The typical way people end up in the NBA is that they go to college to play ball, then declare themselves eligible for the NBA Draft, where they get picked by a pro team.
And for most of the history of the NBA, players went to college for 3 or 4 years before they entered the draft. There were some exceptions: Magic Johnson declared for the NBA after just one season at Michigan State. But those cases were exceedingly rare.
Even rarer still: a few players even jumped to the league directly from high school, but it was always controversial, and the first dude who tried it basically had to sue the league to be allowed to do it.
Anyway, in 1995, Kevin Garnett — this gangly, hyper-athletic kid from Chicago who was the best high school player in the country — had trouble with his college entrance exams and was basically like: "Fuck it, i'm going pro."
And it was controversial because it was some shit people just didn't do. There was a lot of talk about the importance of a college education, and how 18-year-olds couldn't compete with grown-ass men.

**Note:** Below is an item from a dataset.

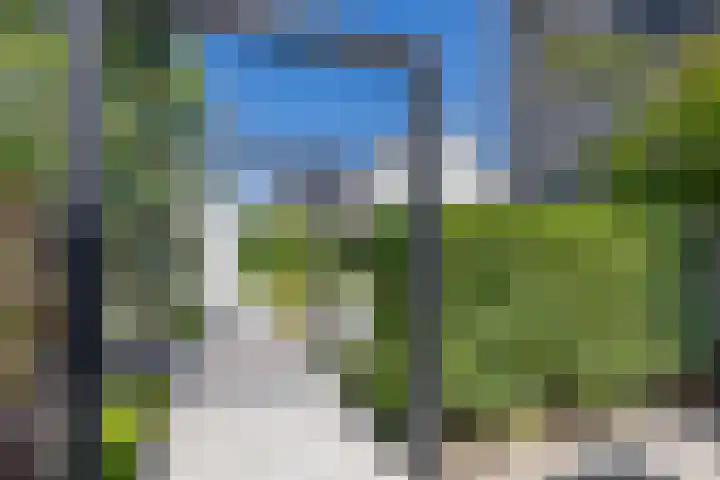 Zwaluwbij 3 Waddinxveen thumbnail 43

But KG did it. He got drafted by Minnesota, and would eventually become MVP.
But KG opened the floodgates. All of these highly touted high school players started saying that they were ready to go pro as well. Some of them were among the greatest players in the history of basketball (Kobe Bryant, LeBron James) and some of them washed out (Korleone Young).
The thinking from players was simple: you could always go back to college, but NBA money might not always be on the table.
Randy Livingston, who played at LSU and and was a surefire NBA player, blew out one of his knees during a pickup game in the summmer. The next year, he blew out the other one. He barely made the NBA; those injuries in college cost him and his family tens of millions of dollars.
Livingston became a cautionary tale about the dangers of plying your trade in college for no compensation.

And this is important, because what college athletes do is undoubtedly labor.
An old colleague of mine was a hurdler in college — she was ranked #9 in the nation.

Practice was Mon thru Thurs at 6 am. Meets were on Saturday. Sundays were for rest.

She said she pledged AKA her second semester in her senior year — the first time she had time.
She also didn't go to a single party until she was a senior.

Did she have fun? Probably! Did she have anything that looked like the typical college experience? Nah.
so yes, we're absolutely talking about uncompensated labor. Some people will say that an athletic scholarship is compensation, buuuut...

bit.ly/2BUXUMG
And mind you, in the case of the big money college sports — basketball and football —  these unpaid players are making tens of millions of dollars for their universities. Their coaches are, in the cases of big public univs, the highest-paid employees on the state's payroll.
and since the NCAA STRICTLY forbids players from any kinds of compensation. You can imagine how this plays out for poor athletes.
Chris Porter, a star at Auburn in the 1990s, lost his eligibility to play college basketball after he was given $2500 to keep his mother in rural AL from being evicted from her home.
it's...uh, not a fair system, is what i'm saying.

And so in the late 90s and early aughts, theblue chip players were making the jump to the NBA as soon as possible — if not out of high school, then after their freshman year in college.
That freaked out college coaches, who obviously, knew that if they could land one of these wunderkinds, they wouldn't have them for very long.
And lots of (well-meaning!) people argued that requiring kids to stay in college would be better for those players' emotional growth and also for their games. Bc players *were* coming into the league with a lot of raw talent but not a lot of experience.
(The NBA's commissioner actually blamed the influx of young, inexperienced players with why NBA scores were so low and the basketball of the late 90's/early aughts was so ugly.)
When David Stern, the NBA commissioner started toying with the idea of an age limit, things got real heated. Some NBA players thought it was a good idea, some of them thought it was a bad idea. Lots of college coaches loved it.
Of course, race coursed through all of these conversations.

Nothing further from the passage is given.